* _About this exercise_:
Copy out all of the lines below exactly; the pictures do not belong in the copy.

* _Source material_:
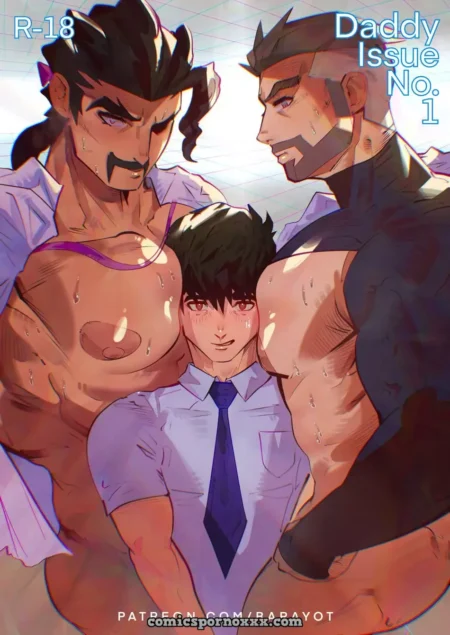 imagen:comics-porno-xxx-hentai-manga-de-daddy-issue-gay-ver-online-descargar-pdf-gratis-cover-featured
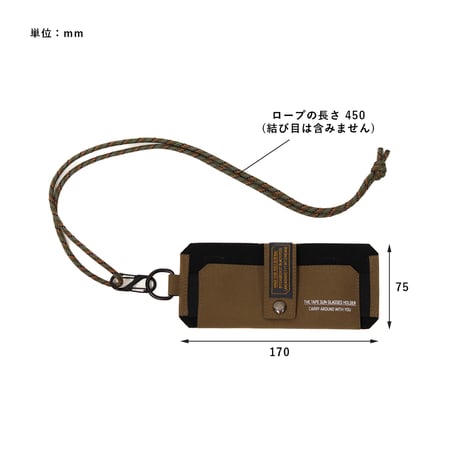 < POST GENERAL > TAPE SUN GLASSES HOLDER / テープサングラスホルダー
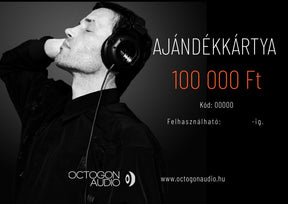 Octogon Audio ajándékutalvány, 100 000 Ft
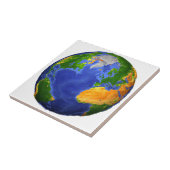 Vollständig die Erde mit topographischen Daten. Fliese (Seite)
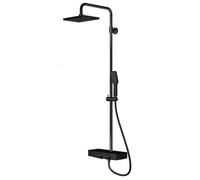 Steinberg 390 - Conjunto de ducha con termostato, 26x19 cm, negro mate 390 2700 S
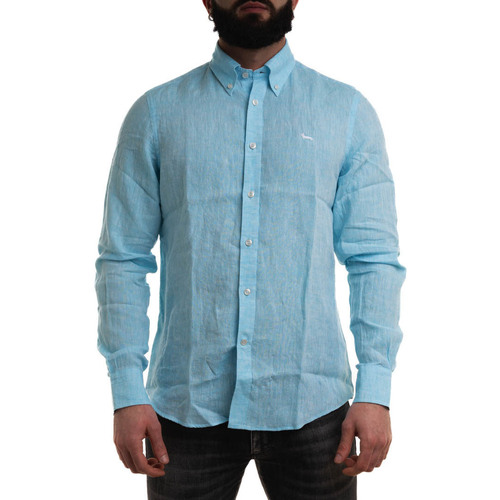 Vêtements Homme Chemises manches longues T-shirt Homme Harmont&blaine CRL014010883B Vert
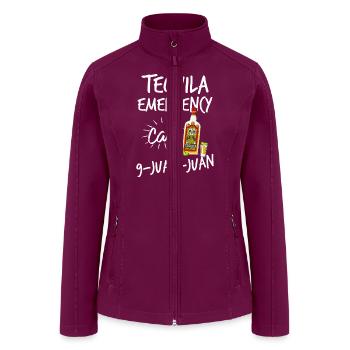 Tequila Emergency Call 9 Juan Juan - Funny Tequila - Women’s Soft Shell Jacket - raspberry - Front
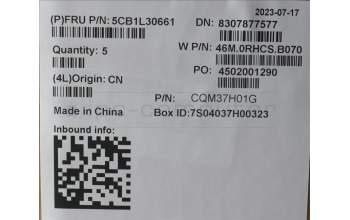 Lenovo 5CB1L30661 Tastatur inkl. Topcase spanisch W 82Y0 AG BL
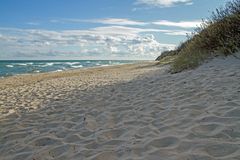 Am Sandstrand auf Rügen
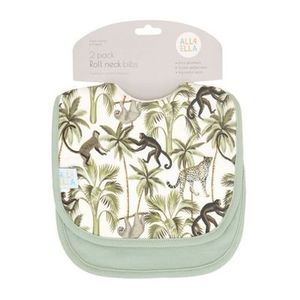 Products: All4Ella Roll Neck Bib 2pk Assorted Designs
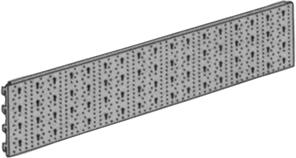 Lochplatte weiss 800X200mm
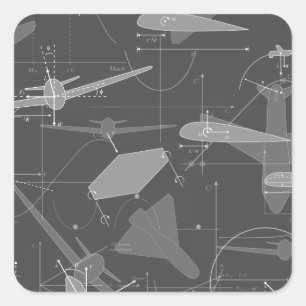 Aerodynamik Quadratischer Aufkleber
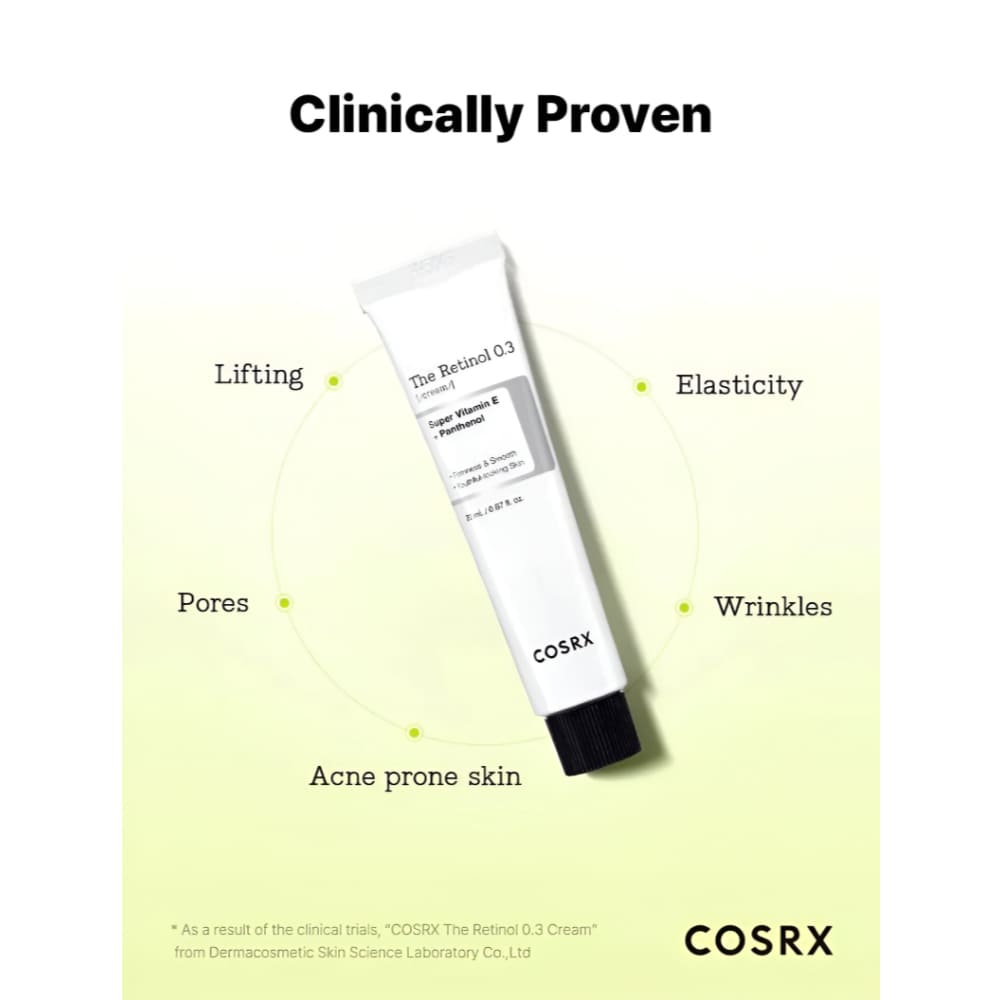 Cosrx - The Retinol 0.3 Cream 20ml - Korean Skin Care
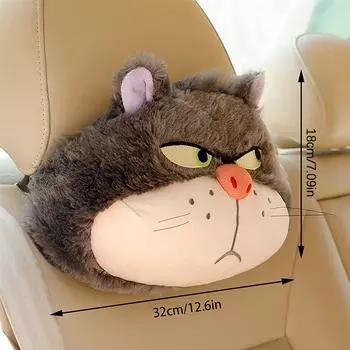Мультяшная милая кошка, плюшевая кукла, подушка для шеи, подголовник, аниме, личность и креативность, плюшевый чехол для ремня безопасности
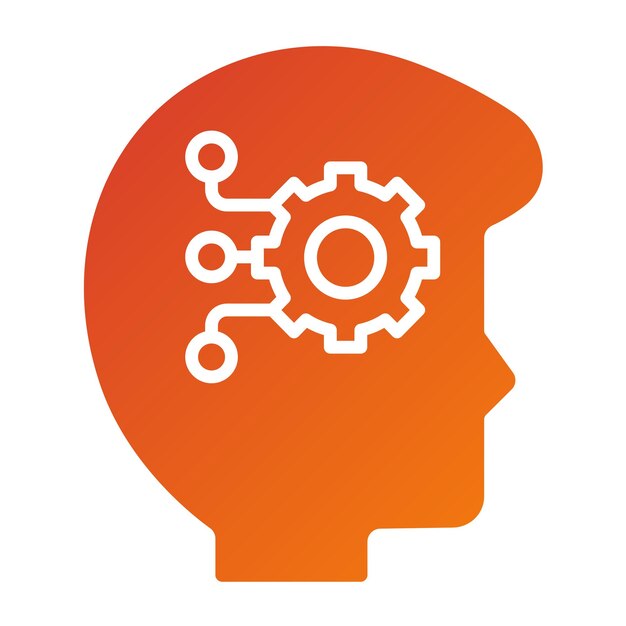 Vector Design Critical Thinking Icon Stijl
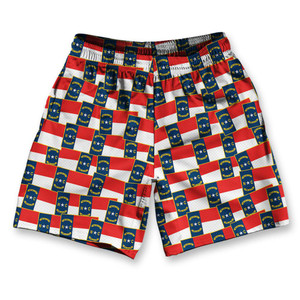 North Carolina State Athletic Running Fitness Exercise Shorts 7" Inseam Made in USA - Blue White Red North Carolina State Athletic Running Fitness Exercise Shorts 7" Inseam Made in USA - Blue White Red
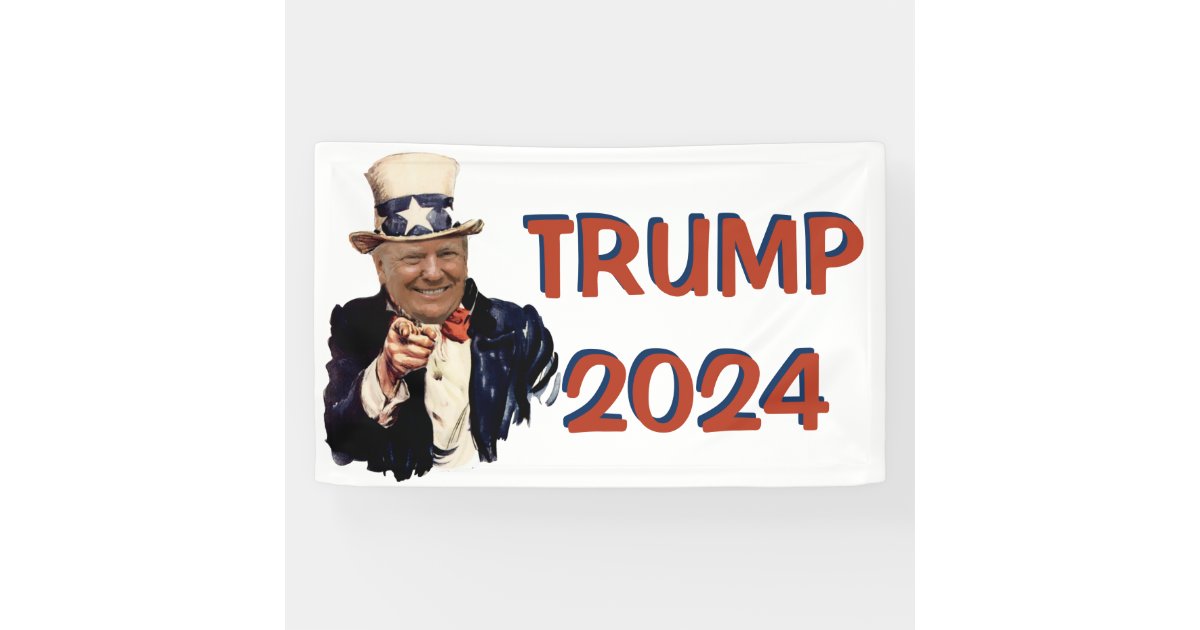 TRUMP 2024 VOTE RED WAVE POLITICAL BANNER Zazzle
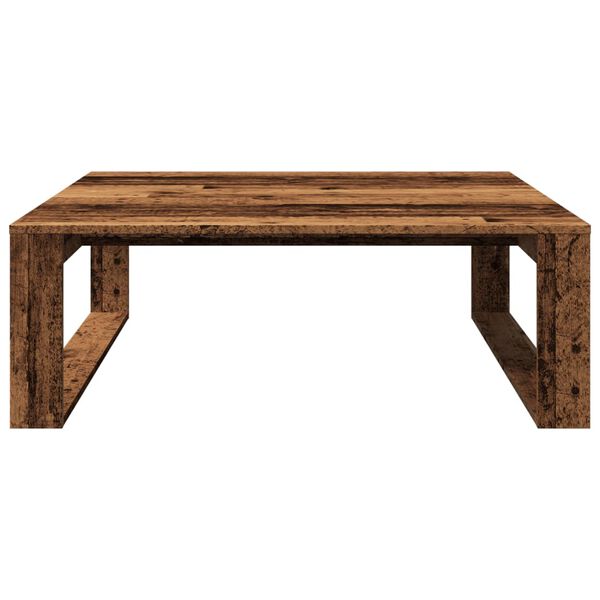 vidaXL Table basse vieux bois 100x100x35 cm bois d'ing&eacute;nierie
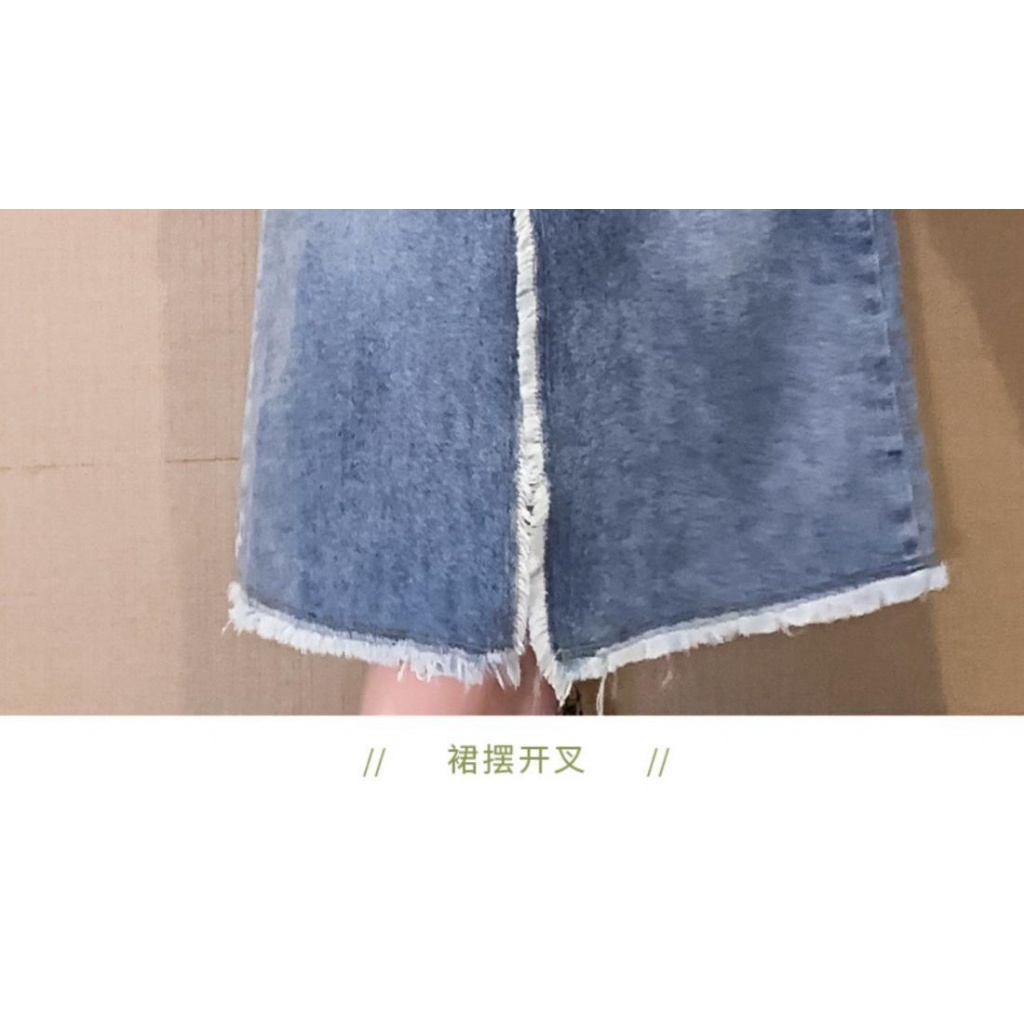 Bộ Áo Tay Dài Phối Chân Váy Denim Thời Trang Mới Cho Bé Gái 5-6 - 7-8 - 9-10 - 11-12 - 13-14 - 15 Tuổi 2023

* _Result of this task_:
 imagen:comics-porno-xxx-hentai-manga-de-daddy-issue-gay-ver-online-descargar-pdf-gratis-cover-featured
 < POST GENERAL > TAPE SUN GLASSES HOLDER / テープサングラスホルダー
 Octogon Audio ajándékutalvány, 100 000 Ft
 Vollständig die Erde mit topographischen Daten. Fliese (Seite)
 Steinberg 390 - Conjunto de ducha con termostato, 26x19 cm, negro mate 390 2700 S
 Vêtements Homme Chemises manches longues T-shirt Homme Harmont&blaine CRL014010883B Vert
 Tequila Emergency Call 9 Juan Juan - Funny Tequila - Women’s Soft Shell Jacket - raspberry - Front
 Lenovo 5CB1L30661 Tastatur inkl. Topcase spanisch W 82Y0 AG BL
 Am Sandstrand auf Rügen
 Products: All4Ella Roll Neck Bib 2pk Assorted Designs
 Lochplatte weiss 800X200mm
 Aerodynamik Quadratischer Aufkleber
 Cosrx - The Retinol 0.3 Cream 20ml - Korean Skin Care
Мультяшная милая кошка, плюшевая кукла, подушка для шеи, подголовник, аниме, личность и креативность, плюшевый чехол для ремня безопасности
 Vector Design Critical Thinking Icon Stijl
 North Carolina State Athletic Running Fitness Exercise Shorts 7" Inseam Made in USA - Blue White Red North Carolina State Athletic Running Fitness Exercise Shorts 7" Inseam Made in USA - Blue White Red
 TRUMP 2024 VOTE RED WAVE POLITICAL BANNER Zazzle
 vidaXL Table basse vieux bois 100x100x35 cm bois d'ing&eacute;nierie
 Bộ Áo Tay Dài Phối Chân Váy Denim Thời Trang Mới Cho Bé Gái 5-6 - 7-8 - 9-10 - 11-12 - 13-14 - 15 Tuổi 2023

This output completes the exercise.